Q: How can I get in touch with you? A: Figure it out.
Q: Is it true that someone died while reading something on your site?
A: They had a tumor that caused their head to explode. We do not feel responsible.
Q: How long before I receive my order?
A: Are we going to send you something?
Q: I find this site offensive. What should I do?
A: Contact the internet police. Go ahead, we dare you!
Q: How long has this site been in business?
A: Since 1822.
Q: Will you keep me updated about anything new that is added to the site?
A: No, because that would make us work.
Q: Am I going to make new friends by visiting this site?
A: Definitely not.
Q: Do you like dogs or cats?
A: To eat?
Q: Have you been drinking?
Q: Were you drunk when you wrote "Frogman"?

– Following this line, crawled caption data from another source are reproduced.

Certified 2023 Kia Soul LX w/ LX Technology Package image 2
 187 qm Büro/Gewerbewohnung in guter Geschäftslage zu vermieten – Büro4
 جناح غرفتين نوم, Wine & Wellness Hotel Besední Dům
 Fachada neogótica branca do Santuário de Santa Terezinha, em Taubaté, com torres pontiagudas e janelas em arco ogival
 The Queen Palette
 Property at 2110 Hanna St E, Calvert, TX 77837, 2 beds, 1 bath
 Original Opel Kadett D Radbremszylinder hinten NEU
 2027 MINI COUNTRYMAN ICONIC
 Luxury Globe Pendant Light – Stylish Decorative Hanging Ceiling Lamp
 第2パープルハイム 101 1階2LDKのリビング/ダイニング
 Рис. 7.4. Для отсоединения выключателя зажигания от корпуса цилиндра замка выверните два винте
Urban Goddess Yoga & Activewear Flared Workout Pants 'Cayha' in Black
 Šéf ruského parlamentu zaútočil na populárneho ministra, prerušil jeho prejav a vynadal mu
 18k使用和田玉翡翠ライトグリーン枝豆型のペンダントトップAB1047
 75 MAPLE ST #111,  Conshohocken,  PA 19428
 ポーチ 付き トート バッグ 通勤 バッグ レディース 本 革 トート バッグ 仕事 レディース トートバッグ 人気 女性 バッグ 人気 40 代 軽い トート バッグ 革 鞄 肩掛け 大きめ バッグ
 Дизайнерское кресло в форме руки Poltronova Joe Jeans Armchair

A: Like you would not believe.
Q: If I send you a comment, will I be taken seriously?
Q: I wrote a lovely poem. Could you put it on your site?
A: How well do you take rejection?
Q: I find your stories offensive. You make me sick! Get a life!
A: (This isn't a question, but we find it funny. And we get this quite frequently.)
Q: How do I submit a story?
A: Send it to: email@example.com
Q: I have a complaint about something. How do I get in touch with you?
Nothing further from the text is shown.